**Information shown**
◆ ◆ ◆ ◆ ◆ ◆ ◆

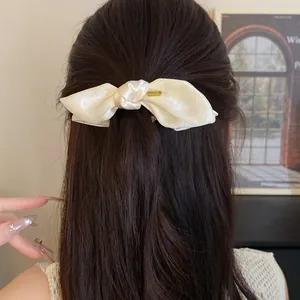 Detailed view of a cream satin bow hair clip styled on dark brown hair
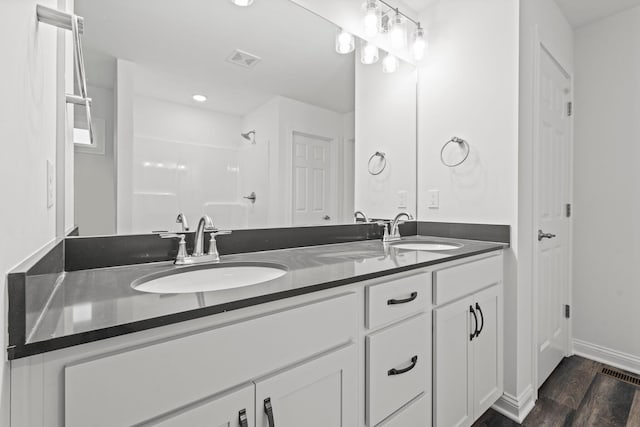 full bath with a shower, visible vents, a sink, and wood finished floors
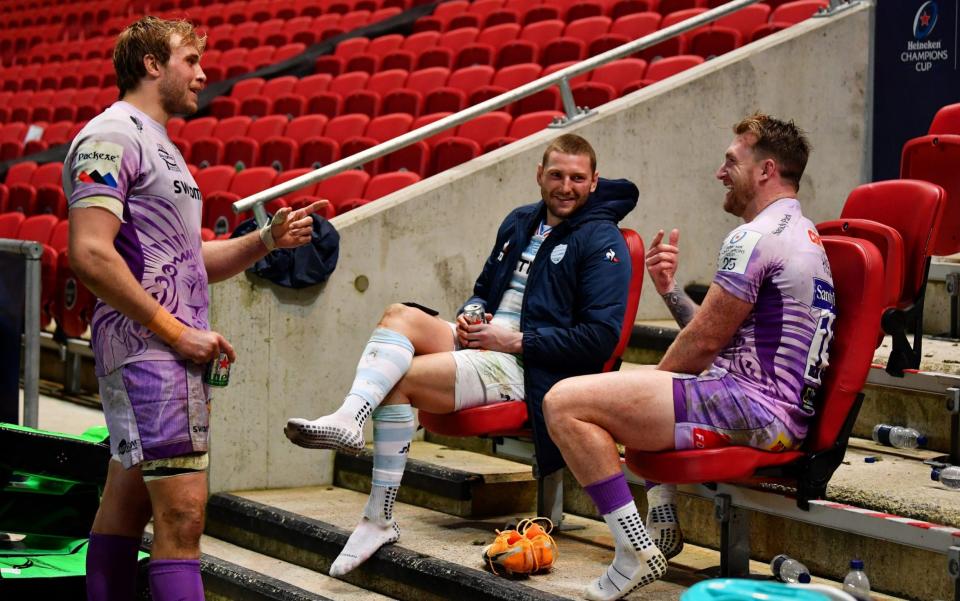 Scotland internationals Jonny Gray (left), Finn Russell (centre) and Stuart Hogg (right) share a beer after the Champions Cup final - GETTY IMAGES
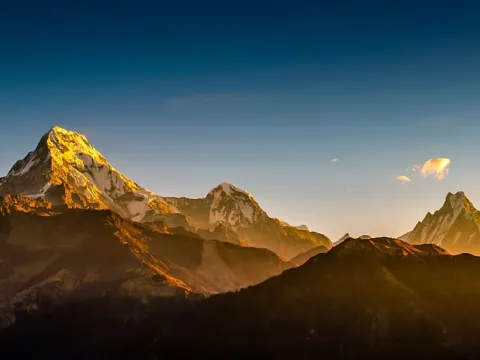 Golden sunrise light highlights the majestic Annapurna and Machhapuchhre peaks.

◆ ◆ ◆ ◆ ◆ ◆ ◆

**Exercise objective**
Could you print the data exactly as it appears and keep the pictures out?

**Problem solution**
 Detailed view of a cream satin bow hair clip styled on dark brown hair
 full bath with a shower, visible vents, a sink, and wood finished floors
 Scotland internationals Jonny Gray (left), Finn Russell (centre) and Stuart Hogg (right) share a beer after the Champions Cup final - GETTY IMAGES
 Golden sunrise light highlights the majestic Annapurna and Machhapuchhre peaks.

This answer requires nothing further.